Los familiares reclamaron, además, que se abra una nueva investigación que permita determinar quiénes fueron los responsables de la explosión y esclarecer las circunstancias que provocaron la tragedia.
“Que caigan los verdaderos culpables, que nuestros familiares puedan por lo menos descansar en paz. La fiscalía elaboró una narrativa equivocada y de mala fe. Los Vidal no tenían nada que ver con eso, a los demás que estaban involucrados nunca los mencionaron”, expresaron.
La acusación
Tras la acusación presentada por el Ministerio Público en 2023, Vidal Plast manifestó su “gran sorpresa e indignación” por la responsabilidad que se le atribuía en el caso.
La empresa sostuvo entonces que se trataba de un negocio familiar que, desde 2003, se dedicaba a la compra y venta de materiales plásticos para su reciclaje y transformación en materia prima, siempre, según afirmó, con apego a las leyes.

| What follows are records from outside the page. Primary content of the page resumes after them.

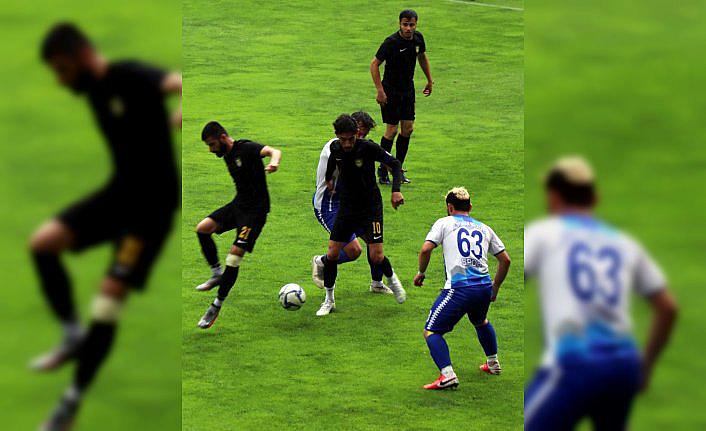İşitme Engelliler Futbol Süper Lig'de çeyrek final maçları tamamlandı
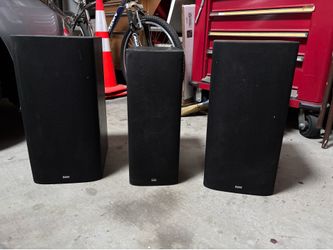 Bowers & Wilkins Speakers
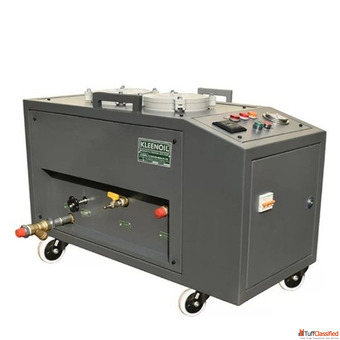 Industrial Hydraulic Oil Filtration Machine Mumbai - Kleenoil India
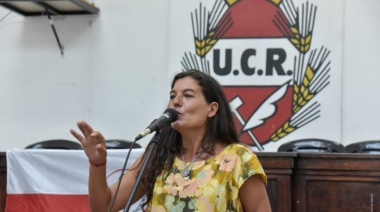 “Ferraresi está como Maduro”, consideró Diana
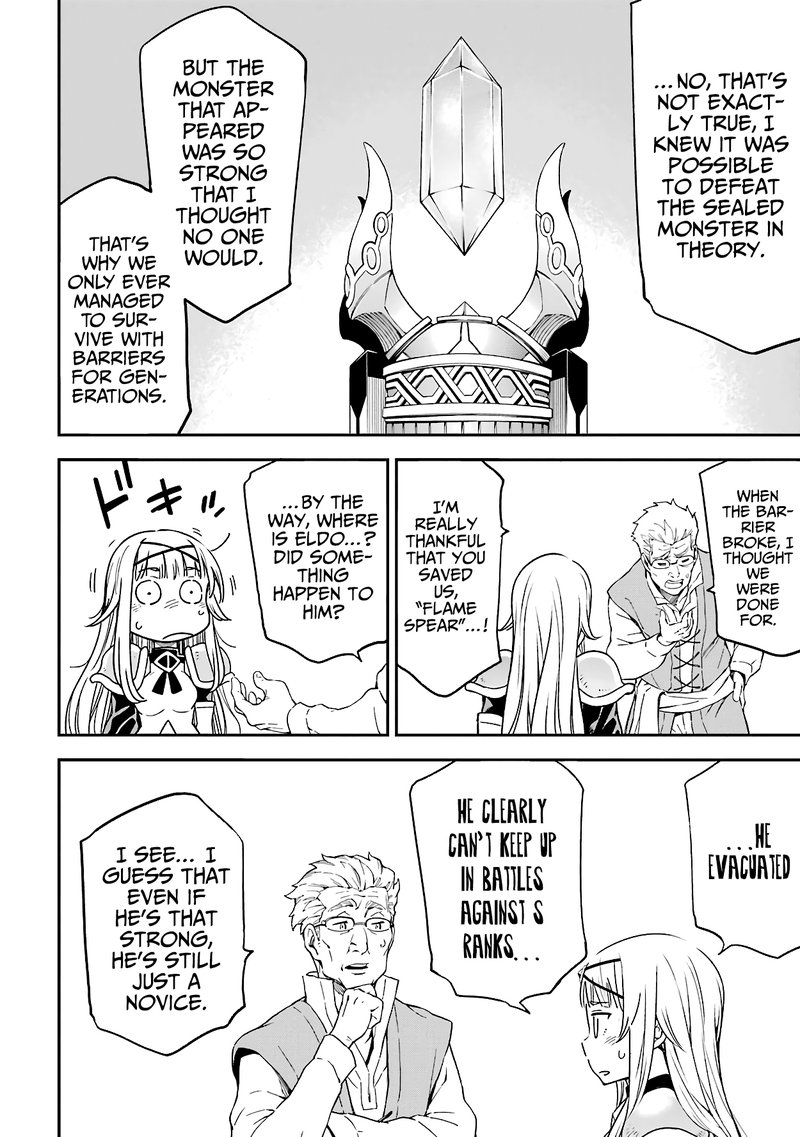 Isekai Kenja No Tensei Musou Game No Chishiki De Isekai Saikyou 14 16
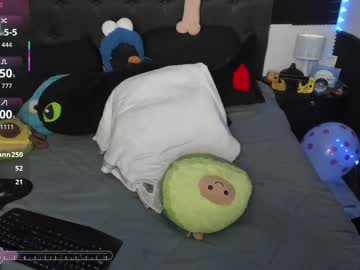 Ursula_Fire Chaturbate stream image from October 09, 2025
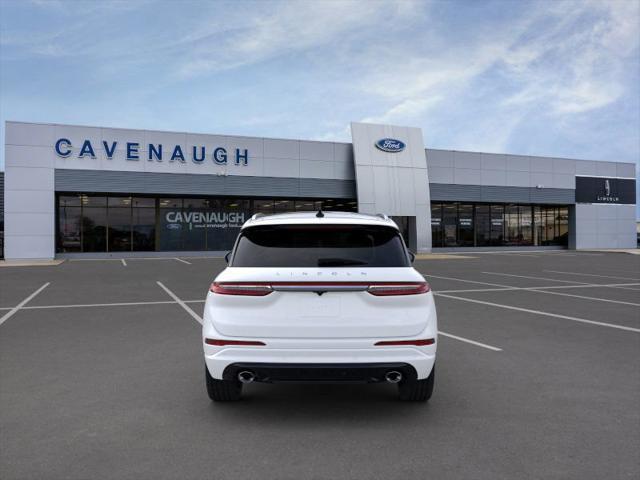new 2024 Lincoln Corsair car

Asimismo, negó utilizar combustibles o productos empleados en el proceso de reciclaje que pudieran provocar una explosión. Indicó que en el establecimiento únicamente permanecían materiales plásticos y que no había elementos que pudieran generar un evento de esa magnitud.
La explosión
La tragedia ocurrió alrededor de las 3:10 de la tarde del 14 de agosto de 2023, en la calle Padre Ayala, casi esquina J. Peynado, en San Cristóbal.

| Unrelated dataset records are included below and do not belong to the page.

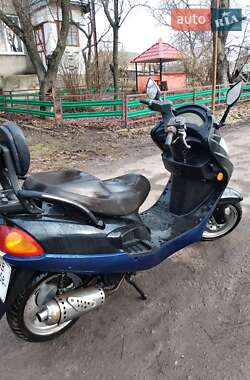 Мопеды Zhejiang XY 2009 в 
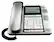 Angle. RCA - RCA-1113-1BSGA Corded Speakerphone with Call-Waiting Caller ID - Silver.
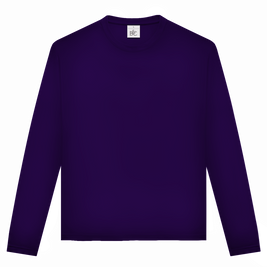 Unisex Langarmshirt 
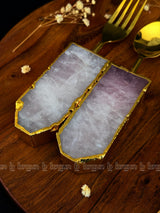 Rose Quartz Spoon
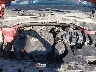 5XYZU3LB9EG****** Repairable 2014 Hyundai Santa Fe in Columbus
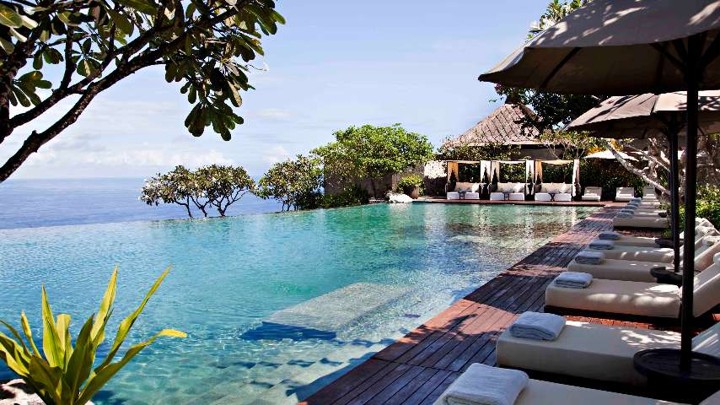 The Bulgari Resort Yang Terkenal Untuk Mengadakan Pernikahan Di Bali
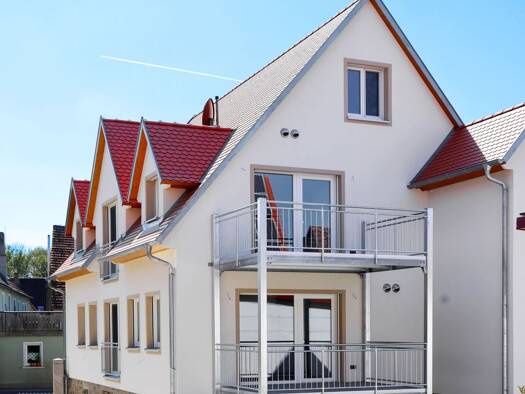 Wohnung zur Miete 1.200 € 5 Zimmer 126,8 m² Geschoss 1/2 Hauptstraße 19 Welbhausen Uffenheim 97215
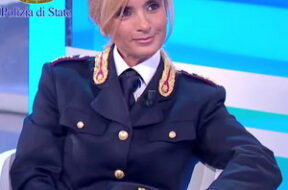 stefania marrazzo POLIZIA DI STATO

De acuerdo con las explicaciones ofrecidas por los bomberos, en el lugar se produjo una deflagración de llamas que generó ondas expansivas hacia los laterales y el techo del establecimiento, provocando daños materiales y numerosas víctimas.
El siniestro se convirtió en una de las tragedias más graves registradas en San Cristóbal y dejó un saldo de 38 fallecidos, además de personas heridas y cuantiosos daños en la zona donde ocurrió la explosión.